出席したのは、会長を務める服部幸應先生、三國清三シェフをはじめとした14名のメンバー。
当日は2部構成で、第1部はTOKYO TORCH 常盤橋タワーにある「MY Shokudo Hall & Kitchen」を会場に、近況報告や情報交換ともに共に学ぶ時間を設け、第2部は大手町ビルへ移動。屋上にあるシェアリング型コミュニティIoT農園「The Edible Park OTEMACHI by grow」を視察しました。

EAT&LEAD 2022年度の活動について共有したのは、三菱地所・井上友美。

まずは、2021年に「食育丸の内」が「EAT&LEAD」となって再始動した意図・目的を説明しました。2008年の設立以来、200本以上のイベントを実施し、延べ50万人を超える参加者を集めるほど大きなムーブメントとなった「食育丸の内」は、今後は「EAT&LEAD」としてより幅広い活動を行っていきます。
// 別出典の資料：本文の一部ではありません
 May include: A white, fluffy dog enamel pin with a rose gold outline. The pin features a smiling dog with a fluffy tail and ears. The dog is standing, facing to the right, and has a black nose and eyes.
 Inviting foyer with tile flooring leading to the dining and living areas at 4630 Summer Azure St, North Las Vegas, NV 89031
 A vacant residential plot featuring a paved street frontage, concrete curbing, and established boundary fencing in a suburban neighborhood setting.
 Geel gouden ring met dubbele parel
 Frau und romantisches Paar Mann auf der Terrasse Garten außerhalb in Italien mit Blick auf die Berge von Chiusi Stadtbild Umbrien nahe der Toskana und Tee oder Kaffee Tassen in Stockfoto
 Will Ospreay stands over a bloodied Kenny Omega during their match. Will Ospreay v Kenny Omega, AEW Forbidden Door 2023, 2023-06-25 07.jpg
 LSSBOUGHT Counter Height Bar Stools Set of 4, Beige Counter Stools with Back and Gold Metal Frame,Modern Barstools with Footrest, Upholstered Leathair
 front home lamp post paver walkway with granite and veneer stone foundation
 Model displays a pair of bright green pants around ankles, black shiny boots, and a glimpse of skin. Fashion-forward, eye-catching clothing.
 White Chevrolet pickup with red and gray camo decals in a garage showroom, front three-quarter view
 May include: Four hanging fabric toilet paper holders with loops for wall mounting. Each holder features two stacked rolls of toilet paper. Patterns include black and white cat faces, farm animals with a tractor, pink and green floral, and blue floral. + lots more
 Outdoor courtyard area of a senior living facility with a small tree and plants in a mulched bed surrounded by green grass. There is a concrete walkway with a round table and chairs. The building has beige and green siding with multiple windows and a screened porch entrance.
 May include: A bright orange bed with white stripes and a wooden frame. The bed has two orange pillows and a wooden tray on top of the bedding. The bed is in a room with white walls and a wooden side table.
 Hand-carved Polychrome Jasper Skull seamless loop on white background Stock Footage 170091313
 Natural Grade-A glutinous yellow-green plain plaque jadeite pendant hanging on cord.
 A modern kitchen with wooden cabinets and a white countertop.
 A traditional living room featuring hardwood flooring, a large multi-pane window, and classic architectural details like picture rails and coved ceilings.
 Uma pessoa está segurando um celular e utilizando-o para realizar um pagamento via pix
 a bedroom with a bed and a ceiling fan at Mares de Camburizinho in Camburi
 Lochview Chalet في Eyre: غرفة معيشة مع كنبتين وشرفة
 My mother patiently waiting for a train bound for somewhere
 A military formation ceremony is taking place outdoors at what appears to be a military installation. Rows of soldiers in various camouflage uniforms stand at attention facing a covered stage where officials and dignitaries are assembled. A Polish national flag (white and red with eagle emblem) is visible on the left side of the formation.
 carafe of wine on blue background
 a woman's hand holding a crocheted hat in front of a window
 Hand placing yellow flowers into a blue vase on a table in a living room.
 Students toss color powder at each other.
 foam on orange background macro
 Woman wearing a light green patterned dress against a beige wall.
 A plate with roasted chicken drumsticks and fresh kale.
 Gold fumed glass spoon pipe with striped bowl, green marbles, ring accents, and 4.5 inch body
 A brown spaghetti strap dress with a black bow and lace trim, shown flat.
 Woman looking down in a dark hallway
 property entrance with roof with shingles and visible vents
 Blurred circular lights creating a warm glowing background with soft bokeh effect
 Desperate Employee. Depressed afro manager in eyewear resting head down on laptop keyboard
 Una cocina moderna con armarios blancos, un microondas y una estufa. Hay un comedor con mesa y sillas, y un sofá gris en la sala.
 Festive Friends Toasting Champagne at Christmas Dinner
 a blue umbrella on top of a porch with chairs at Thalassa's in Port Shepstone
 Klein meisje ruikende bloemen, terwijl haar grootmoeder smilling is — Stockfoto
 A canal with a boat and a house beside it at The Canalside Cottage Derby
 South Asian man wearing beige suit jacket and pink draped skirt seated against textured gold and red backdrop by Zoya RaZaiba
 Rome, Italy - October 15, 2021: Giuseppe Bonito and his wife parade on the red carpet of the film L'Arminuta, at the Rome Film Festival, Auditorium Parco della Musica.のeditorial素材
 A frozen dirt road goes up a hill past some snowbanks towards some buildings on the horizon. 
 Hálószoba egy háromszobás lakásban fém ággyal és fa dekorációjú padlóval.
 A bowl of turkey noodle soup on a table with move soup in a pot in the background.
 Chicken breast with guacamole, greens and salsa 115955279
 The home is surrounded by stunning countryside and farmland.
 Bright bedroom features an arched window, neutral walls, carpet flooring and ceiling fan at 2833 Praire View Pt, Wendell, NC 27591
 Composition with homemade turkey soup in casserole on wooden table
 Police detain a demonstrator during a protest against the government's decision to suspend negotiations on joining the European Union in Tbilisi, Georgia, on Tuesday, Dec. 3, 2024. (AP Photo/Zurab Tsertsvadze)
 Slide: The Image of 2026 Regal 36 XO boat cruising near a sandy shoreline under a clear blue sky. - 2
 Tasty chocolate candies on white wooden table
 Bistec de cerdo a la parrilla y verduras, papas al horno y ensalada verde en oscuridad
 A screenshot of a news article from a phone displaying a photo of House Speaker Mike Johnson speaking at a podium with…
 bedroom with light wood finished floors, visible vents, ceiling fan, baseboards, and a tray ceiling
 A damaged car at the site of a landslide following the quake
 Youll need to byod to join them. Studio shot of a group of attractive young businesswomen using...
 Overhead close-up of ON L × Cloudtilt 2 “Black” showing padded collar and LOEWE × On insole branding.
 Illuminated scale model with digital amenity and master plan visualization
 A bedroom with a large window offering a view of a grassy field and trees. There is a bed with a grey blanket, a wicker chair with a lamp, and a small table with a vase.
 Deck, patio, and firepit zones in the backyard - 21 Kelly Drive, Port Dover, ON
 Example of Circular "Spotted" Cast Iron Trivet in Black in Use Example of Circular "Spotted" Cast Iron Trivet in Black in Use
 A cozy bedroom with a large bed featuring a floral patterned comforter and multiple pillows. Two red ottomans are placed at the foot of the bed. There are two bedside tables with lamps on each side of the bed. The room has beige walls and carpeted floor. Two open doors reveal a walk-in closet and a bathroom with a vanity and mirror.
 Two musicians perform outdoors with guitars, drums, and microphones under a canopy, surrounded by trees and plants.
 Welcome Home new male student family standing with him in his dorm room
その他に、「HAKKO MARUNOUCHI」「EAT&LEADトークサロン」「SUSTABLE(サステーブル)」の各プロジェクトについて紹介しました。

会長・服部先生のご挨拶「食育のいま」

開催のご挨拶をされたのは、丸の内シェフズクラブ会長・服部幸應先生。ご挨拶とともに、最近の「食育」に関する動向をお話いただきました。

服部幸應先生のご挨拶「食育のいま」

先日、丸の内エリアで展開されているSDGs ACT5プロジェクトとEAT&LEAD が共催した「SUSTABLE」にゲストで呼ばれました。その時、常に興味深そうに参加されている方が多くいらして、これからさらにEAT&LEADは発展していくだろうなと感じました。また、EAT&LEADが発展していくために、本日お集まりの料理人の皆さんのご協力も欠かせません。それぞれの方に力を発揮していただいて、この「丸の内シェフズクラブ」をより素晴らしい会にしていけたらと思っています。

食育丸の内(EAT&LEAD)は、2008年にスタートしました。
その3年前、2005年に「食育基本法」が制定されまして、食育基本法と食育丸の内は歩みを共にしてきたところがありますよね。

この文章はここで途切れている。